Das Buch muss sehr aufmerksam gelesen werden, da hier verschiedene Erzählstränge von den Familien Reinhardt und Mohr ausgearbeitet werden und auch von verschiedenen Zeiten berichtet wird. "Es dauerte lange, bis ich den Archipel der Geschichten im Meer des familiären Schweigens zu erforschen begann."
Die Autorin berichtet hier anhand von Fotos, die sie genau beschreibt, von Tagebüchern, erzählten Überlieferungen und eigenen Recherchen. Am Anfang steht ein Stammbaum, der zur Erfassung der Geschichte sehr hilfreich ist und auf den Buchdeckeln sind innen auch Karten der Kolonialreiche abgebildet. Viele Jahre Geschichte und auch Missionstätigkeit werden hier sehr lebendig und anschaulich geschildert.
Dadurch, dass die Enkelin aus heutiger Zeit erzählt und durchaus eine kritische Sicht auf die Dinge hat, entsteht hier ein ganz besonderer Erzählstil, dem sich aber durchaus gut folgen lässt.

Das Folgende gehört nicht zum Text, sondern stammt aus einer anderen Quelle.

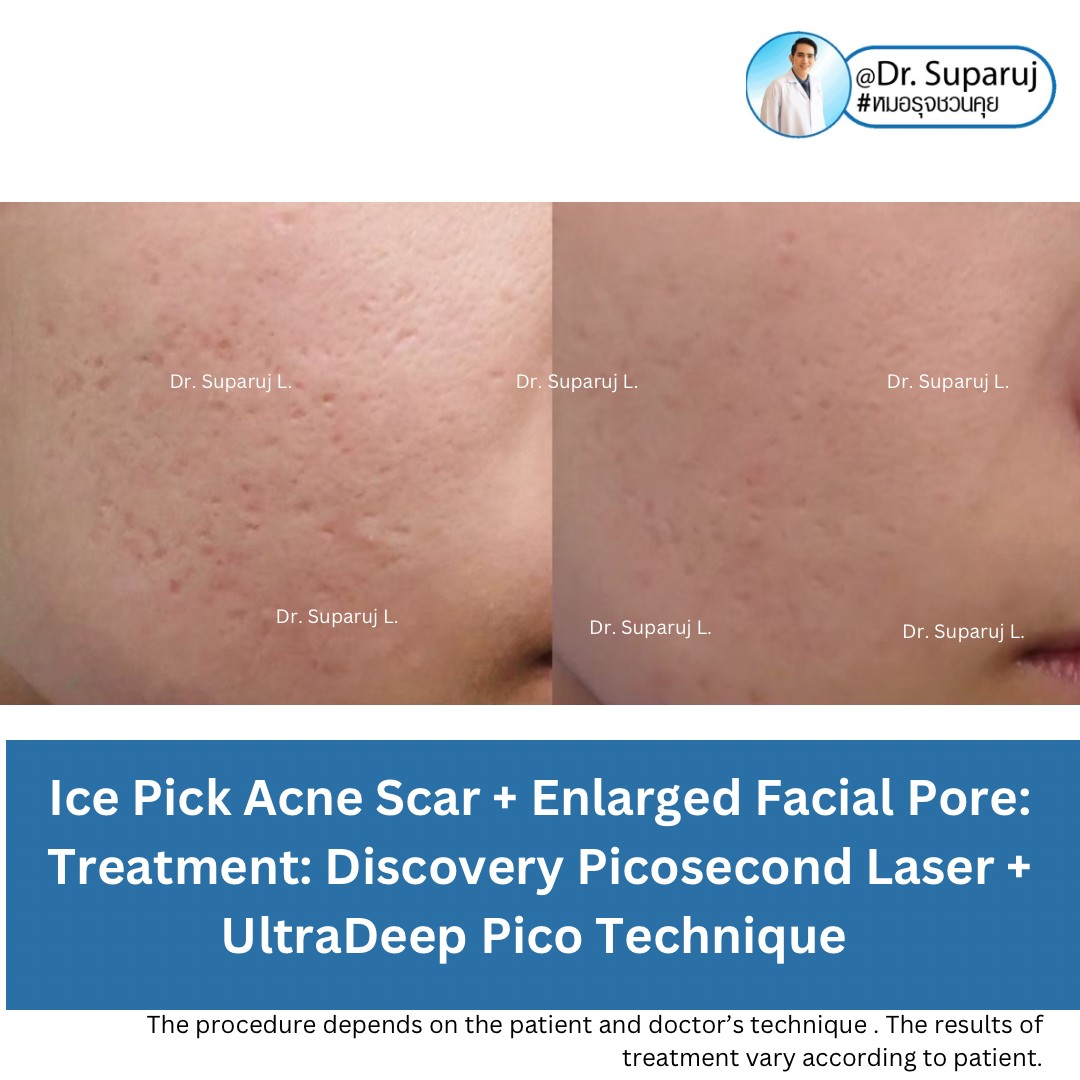 แนะนำเทคนิคดูแลหลุมสิวลึก Ice pick & Boxcar Acne Scar: เทคนิค UltraDeep Pico Technique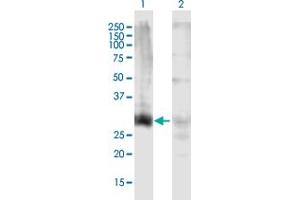 Western Blot analysis of HOXD13 expression in transfected 293T cell line by HOXD13 MaxPab polyclonal antibody. (Homeobox D13 抗体  (AA 1-343))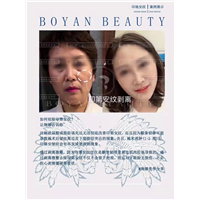 印第安纹如何祛除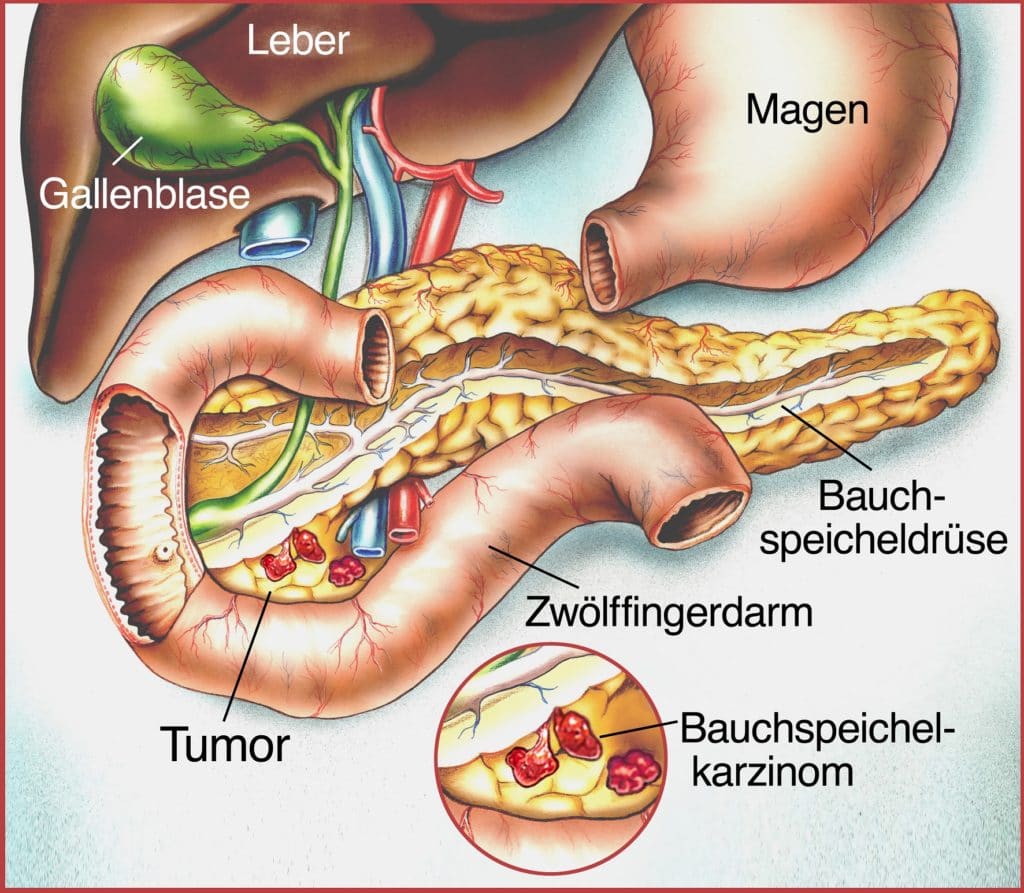 Schematische Zeichnung vom Verdauungstrakt und Bauchspeicheldrüse mit Karzinom.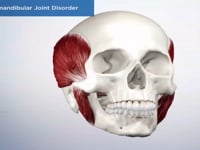 Temporomandibular Joint Disorder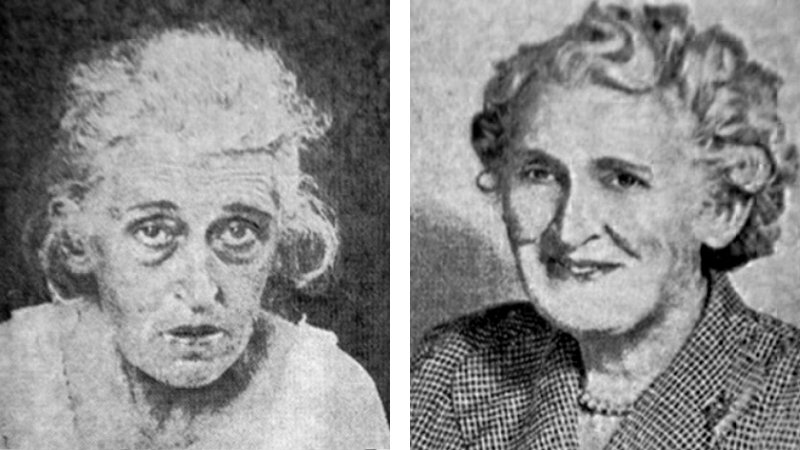Některým pacientům lobotomie údajně pomohla. Vlevo je snímek ženy před zákrokem, vpravo stejná žena o nějaký čas později.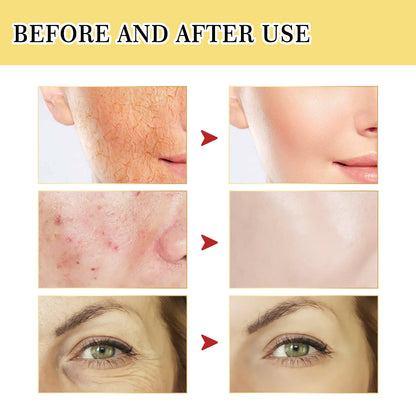Snail Serum Collagen Facial Serum Original hair removal exfoliating tool
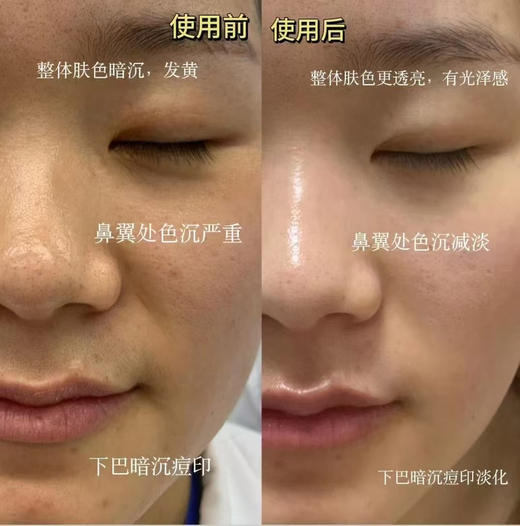 格丽缇素颜亮肤（美白）面膜 商品图8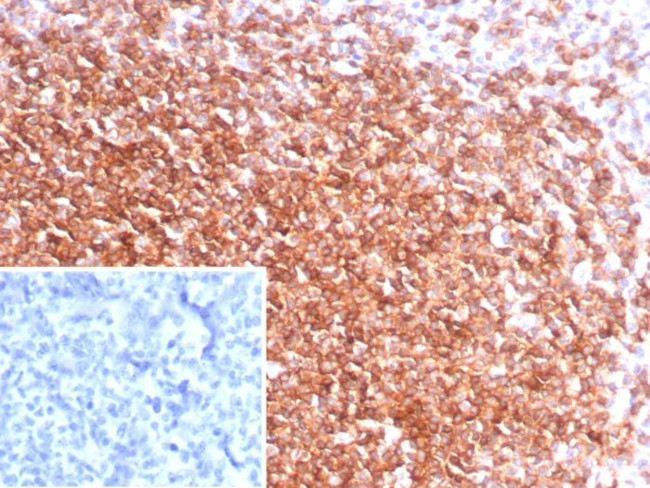 CXCR5/CXCL13/CD185 Antibody in Immunohistochemistry (Paraffin) (IHC (P))
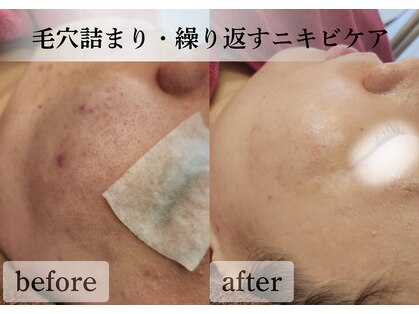 アナシアビューティーサロン(Anacia)の写真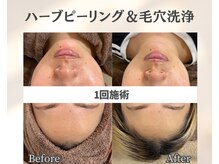 イーラボ 池袋店(e-LABO)/毛穴洗浄×国産ハーブピーリング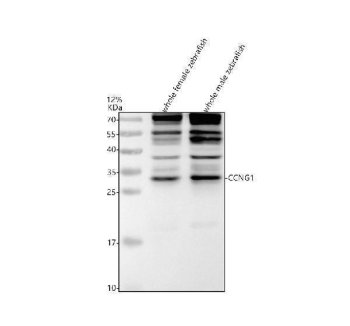 Zebrafish Cyclin G1 Antibody WB. Western blot analysis of whole female zebrafish tissue lysate (lane 1) and whole male zebrafish tissue lysate (lane 2) using Zebrafish Cyclin G1 Antibody / CCNG1 Antibody demonstrates a prominent band at approximately 34 kDa, consistent with the reported molecular weight of full-length Cyclin G1 (CCNG1). Cyclin G1 is a member of the cyclin family that functions in cell cycle-associated signaling pathways, cellular growth control, and p53-responsive regulatory networks. CCNG1 contributes to mechanisms that coordinate cellular proliferation, checkpoint regulation, and adaptation to developmental and environmental stimuli. Additional higher molecular weight bands are also observed and may reflect Cyclin G1-associated protein complexes, modified protein species, or other factors that influence electrophoretic migration. Electrophoresis was performed on a 12% SDS-PAGE gel under reducing conditions with 30 Âµg of protein loaded per lane, followed by nitrocellulose transfer and HRP-ECL detection.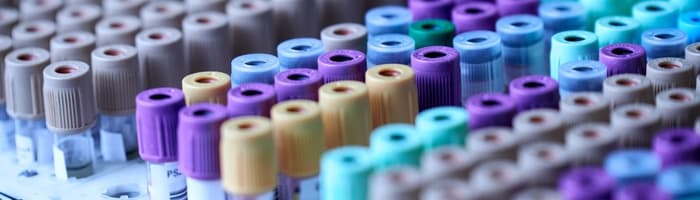 Pandēmijā pasliktinājušies iedzīvotāju analīžu rādītāji: kādas ir ieteicamās veselības pārbaudes laboratorijā un mājas apstākļos?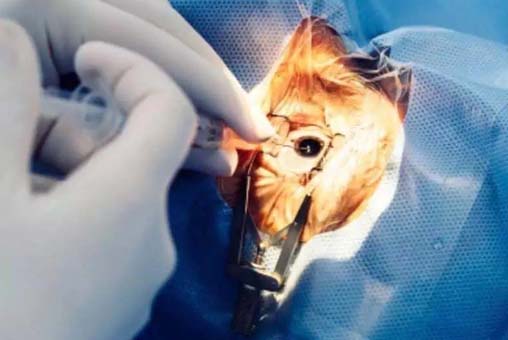 Anterior Segment Surgery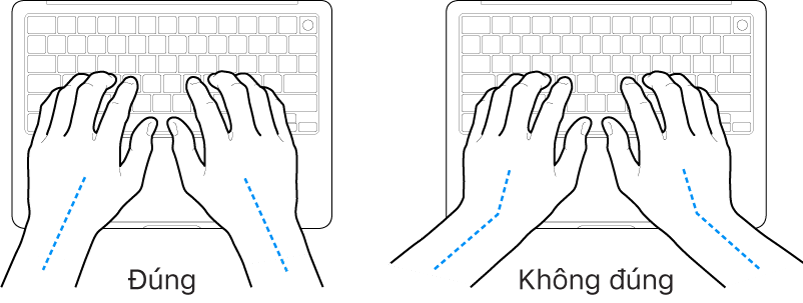 Các bàn tay đặt phía trên bàn phím, minh họa cách đặt cổ tay và bàn tay đúng và sai.
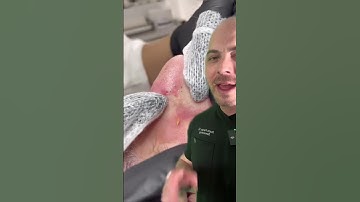 Doctor reacts to super satisfying pimple popping! #dermreacts #doctorreacts #pimplepop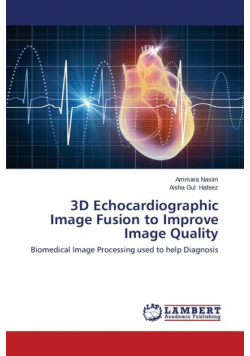 3D Echocardiographic Image Fusion to Improve Image Quality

Die sachliche Herangehensweise macht auch sehr emotionale und tragische Erlebnisse ertragbarer.
Vieles aus dieser Zeit der Kolonialisierung und auch der Missionare und den Hintergründen der Menschen, die so fern ihrer Heimat ihre Lebenspflicht sahen, ist mir hier erst verständlich geworden.
Ein Buch, für das man sich Zeit und Ruhe nehmen muss, damit es funktioniert, mir hat es sehr gefallen.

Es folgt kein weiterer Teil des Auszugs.